In 1965 a teenage Tulsan began writing a book that would forever shine a glaring spotlight on the injustice of the haves and have nots in the teen hierarchy, a book that would expose the battle of the two sides of the tracks, a book that would label by name the Socs and the Greasers, a book that on a much much smaller scale would help hone my path almost three decades later at the start of my teen years. That Tulsan is S.E. Hinton, that classic work is The Outsiders, and to this day it is one of a handful of books that can speak to virtually any young person through its honest, timeless approach.
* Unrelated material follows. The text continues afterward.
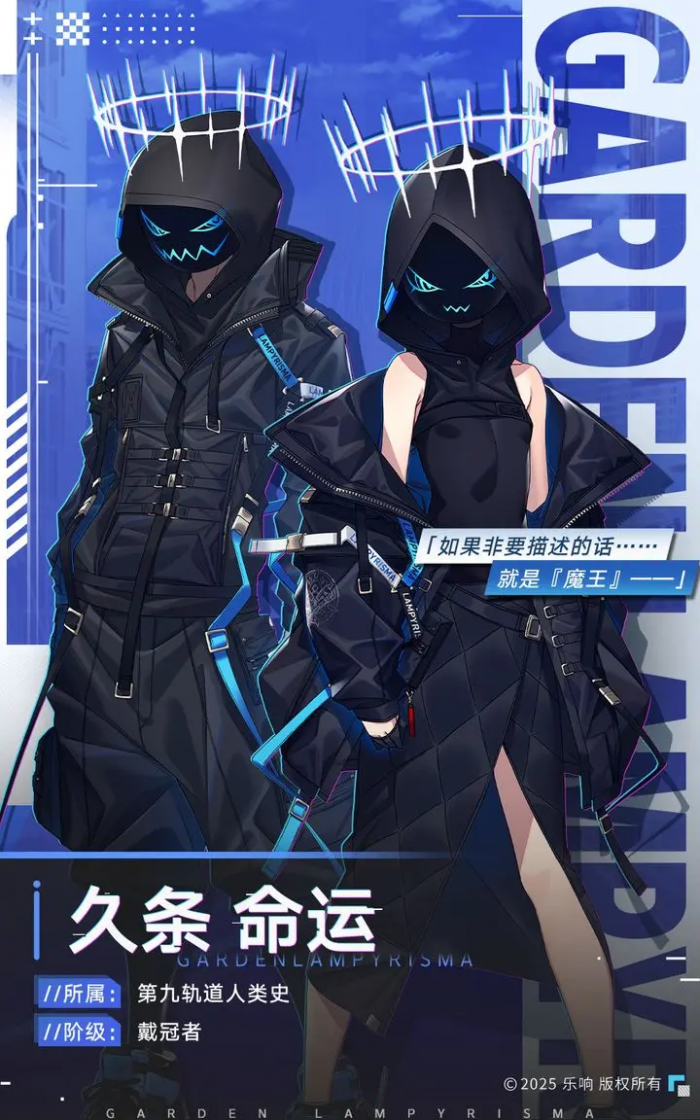 溯回青空角色有哪些3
The first time I read The Outsiders, just on the verge of having “teen” added to my age, I understood the characters perfectly. A youth from a family of average means with a budding affection for punk music, a preference for reading the classics over teen girl rags, and an already deeply instilled distain toward anyone with an undeserved sense of entitlement, my placement in an upper crust middle school was fodder for serious clashes. But the real influence of The Outsiders for me came a few years later in high school, when an English teacher who was forever encouraging my writing and art in spite of my firm belief that I could produce nothing “good enough” because I was not a worldly adult like the authors I enjoyed was the first person to inform me of two things I did not know about S.E. Hinton: one, that she wrote The Outsiders in her teens and two that she was a she. The knowledge that a teenage girl could write so truthfully about life, that young women were not limited to writing fantasy and romantic garbage, changed my view of what I could and could not do at that young age and for that I will be forever grateful to Ms. Hinton.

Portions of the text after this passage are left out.